This work proposes a solution to tackle the wireless powering of IoT nodes that may be scattered in random locations, or even to be used on moving individuals or platforms. There are various types of SWIPT methods but, since the power-splitting technique is recognized as the best trade-off between information rate and amount of power transfer [9,22], it was used in this work. We report on a steerable continuous wave (CW) RF link that relies on a harmonic power feedback to implement the WPT sub-system of a SWIPT system. The performance and specific absorption rate (SAR) values are analyzed and compared to the traditional one-antenna scenario through simulations. Since current sensors can already relay information when interrogated by an external device, this work focuses on the powering link. Therefore, it is considered that the sensor’s data are mixed with the harmonic power feedback signal, thus modulating both sensor data and powering link performance through the harmonic feedback [23], as exemplified in Figure 1. For the case of passive sensors, these are based on LC resonators [24,25,26,27], in which the monitored parameter is translated into a shift in the resonant frequency, thus making it a simple implementation.

2. SWIPT System Design

To help tackle the intrinsic low efficiency of RF links for long distances, increase the amount of power transferred, and allow beam steering, the WPT solution selected was based on the use of an antenna array. This way, it was possible to transmit the power in the required direction through beamforming. Furthermore, since it is expected that the adoption of this system will lead to a reduction in battery size, or even a removal of this element, a backscatter-like communication should be implemented. This implies that low power levels will be used. These conditions and limitations, along with the previously defined applications–which are in the short- to mid-range–establish a working range of the few centimeters to meters, depending on the application and its specific power constraints.
Most applications can have their moving velocity controlled and can have a slow to medium moving speed, such as the velocity of a walking human. Thus, the tracking velocity was defined to be at least 5 km/h. Another requirement of the tracking system is the need to locate the target sensor/device, since in most applications the initial relative location of the devices is unknown. Finally, it is necessary to define the power level that may be simultaneously able to deliver enough power to the node and is transmissible by available technology. Looking in the literature, it is possible to find wireless sensors work in the nW to the µW range [4,5,6,7], which allows us to define that, at least for these examples, the minimum transmitted power should be −16 dBm, since it is the highest power level requirement for the continuous powering of such devices.
For some applications, it is only necessary to transmit power for some period and, after that, the data readout is received. In that case, a single antenna system is enough. For applications that may require continuous powering and tracking, the positional data from the remote device should be transferred to the powering system, so that tracking and powering can be achieved. Despite not being mandatory, the proposed solution for these requirements is a dual-band system. One frequency band can be used for powering and forwarding data communications with the device, and the other band can be used for feedback tracking of the IoT node position and sensor backward data readout. This allows for the communication protocol’s complexity to be reduced, which can help in the device design. Furthermore, it results in a system that can have continuous power transfer and real-time tracking, while maintaining a data transfer link with less complexity. The main disadvantage is the need for a dual-band antenna system.
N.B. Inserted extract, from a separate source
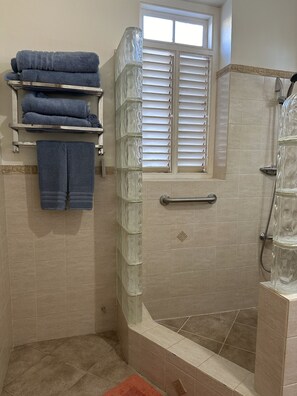Shower, hair dryer, bidet, towels - Beach House Near Carlisle Bay, Walk to Beach, Historic Charm, Sleeps 4-6 (Bridgetown)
2.1. Proof-of-Concept IoT Device Design

An IoT sensor compatible with dual-band SWIPT technology would rely on backscatter readout, where the backscattered wave may be modulated according to, e.g., some biomolecule concentration. A possible architecture of such is exemplified in Figure 2. For this device, it is necessary to have a biosensing element, a WPT link where the receiver can harvest the power from the external powering link, and a modulation scheme for the data to be wirelessly transmitted. Its principle of operation can be divided into two moments: downlink and uplink. In the downlink, the device receives the electromagnetic waves sent by an exterior unit. From these, the device must extract energy to operate and be able to transmit the sensor readings. So, the signal is split in half in the first 3 dB splitter. The first half is sent to the RF-DC block, to extract energy for the device’s operation. The second half is then split again and directed to a mixer where it is demodulated by itself, allowing one to extract the downlink data. The second moment of operation consists in transmitting the data from the sensor. For this, the second half of the signal obtained from the splitter in the middle is directed to a frequency doubler and is then used to modulate the sensor data and transmit it through the antenna.
As previously mentioned, this work will focus on the WPT aspect of the problem, as the backscattering modulation of sensor data is an established application. The ability to deliver an effective amount of power as the device moves is a challenge to be tackled. The device proposed in this work, whose block diagram is presented in Figure 3, contains a light-emitting diode (LED) in the “test electronics” block, and its brightness provides feedback on the power level being received. Given that this device is desired to be completely battery-free, a 2 GHz link was used for the external WPT. Through a splitter, half of the received power is directed to the RF-DC converter, which then powers the LED. The other half is directed to a frequency doubler to provide a received power level feedback for the external system (which could also be used to backscatter the biosensor information, as shown in the block diagram of Figure 2).

2.2. WPT System Design

The system was based on the concept of multiple transmitters, or antenna arrays, to increase the antenna gain, and to allow some degree of beam steering [28]. It allows for active tracking to be used, providing a system that can transfer power to a moving target.
When a phased array concept is used, its directivity is defined by multiplying the array factor with the directivity of the individual elements:
D a r r a y ( θ , ϕ ) = A F × D e l e m e n t ( θ , ϕ ) ,
where the directivity of the element is inherent to its own characteristics, and the array factor (AF) can be controlled through the array’s excitation. For two elements, it is defined as follows:
A F = 2 c o s 1 2 k d cos θ + β
where its value can be controlled through d , which is the distance between the array’s elements, and through β , which is excitation phase difference, when considering equal excitation magnitudes. It is possible to conclude that by controlling the excitation phase difference, it is possible to control the array’s characteristics and increase its directivity in the desired direction.
In the developed WPT system, an antenna array composed of two elements operating at 2 GHz was chosen, with a spacing of λ / 2 . More complex systems with larger antenna arrays can be developed, albeit with higher computational requirements and cost. For technological demonstration purposes, a two-element array suffices. The electronics and RF circuitry were deployed so that both antennas transmit the same power, and the excitation phase difference can be dynamically controlled, allowing it to power the proposed moving wireless device.

2.2.1. WPT Hardware

The objective of establishing a WPT link with a mobile IoT module and reading the incoming signals requires an RF base station with two main functions: wireless power transmission, and incoming signal reception (with information from a sensor and received power for purposes of a tracking algorithm). The desired system for SWIPT and data readout is proposed in Figure 4.
The proposed WPT system was subdivided into two parts: transmission and feedback handling. The transmission requires two RF signals with a controlled phase difference. This is achieved through an RF source and a splitter with low amplitude and phase unbalance. Then, one of the RF signals will have its phase modified through a phase shifter, while the other signal is attenuated 6 dB to compensate the phase shifter’s insertion loss. After the desired phase difference is obtained, these signals are then amplified through two 10 W RF power amplifiers which feed the antenna array.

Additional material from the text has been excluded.